## Task material:
────────────────────
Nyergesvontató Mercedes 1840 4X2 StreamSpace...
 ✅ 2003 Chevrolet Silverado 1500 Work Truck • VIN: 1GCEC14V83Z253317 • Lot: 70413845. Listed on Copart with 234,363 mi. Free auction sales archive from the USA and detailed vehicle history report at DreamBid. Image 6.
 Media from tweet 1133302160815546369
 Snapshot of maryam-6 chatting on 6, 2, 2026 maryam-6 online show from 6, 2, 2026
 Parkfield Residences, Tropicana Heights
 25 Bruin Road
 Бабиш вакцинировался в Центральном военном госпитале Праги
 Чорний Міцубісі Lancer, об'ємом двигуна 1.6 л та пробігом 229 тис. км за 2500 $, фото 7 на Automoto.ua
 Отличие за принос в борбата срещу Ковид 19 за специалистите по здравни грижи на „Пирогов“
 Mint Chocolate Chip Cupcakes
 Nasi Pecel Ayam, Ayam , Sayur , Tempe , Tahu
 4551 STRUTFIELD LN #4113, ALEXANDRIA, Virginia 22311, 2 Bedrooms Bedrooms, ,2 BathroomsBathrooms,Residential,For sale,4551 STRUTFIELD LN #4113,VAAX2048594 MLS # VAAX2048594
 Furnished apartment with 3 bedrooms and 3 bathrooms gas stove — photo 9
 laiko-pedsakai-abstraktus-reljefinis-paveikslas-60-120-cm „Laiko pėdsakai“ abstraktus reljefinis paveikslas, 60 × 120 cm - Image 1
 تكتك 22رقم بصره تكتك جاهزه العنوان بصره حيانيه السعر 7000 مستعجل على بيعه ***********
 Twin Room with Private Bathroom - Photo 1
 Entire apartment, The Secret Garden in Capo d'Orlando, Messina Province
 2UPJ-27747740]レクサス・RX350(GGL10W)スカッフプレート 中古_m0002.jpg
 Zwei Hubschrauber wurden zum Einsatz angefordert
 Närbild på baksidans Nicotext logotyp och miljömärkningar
────────────────────
## Work task:
List every line above that contains the word "from".

## Solution for this task:
 ✅ 2003 Chevrolet Silverado 1500 Work Truck • VIN: 1GCEC14V83Z253317 • Lot: 70413845. Listed on Copart with 234,363 mi. Free auction sales archive from the USA and detailed vehicle history report at DreamBid. Image 6.
 Media from tweet 1133302160815546369
 Snapshot of maryam-6 chatting on 6, 2, 2026 maryam-6 online show from 6, 2, 2026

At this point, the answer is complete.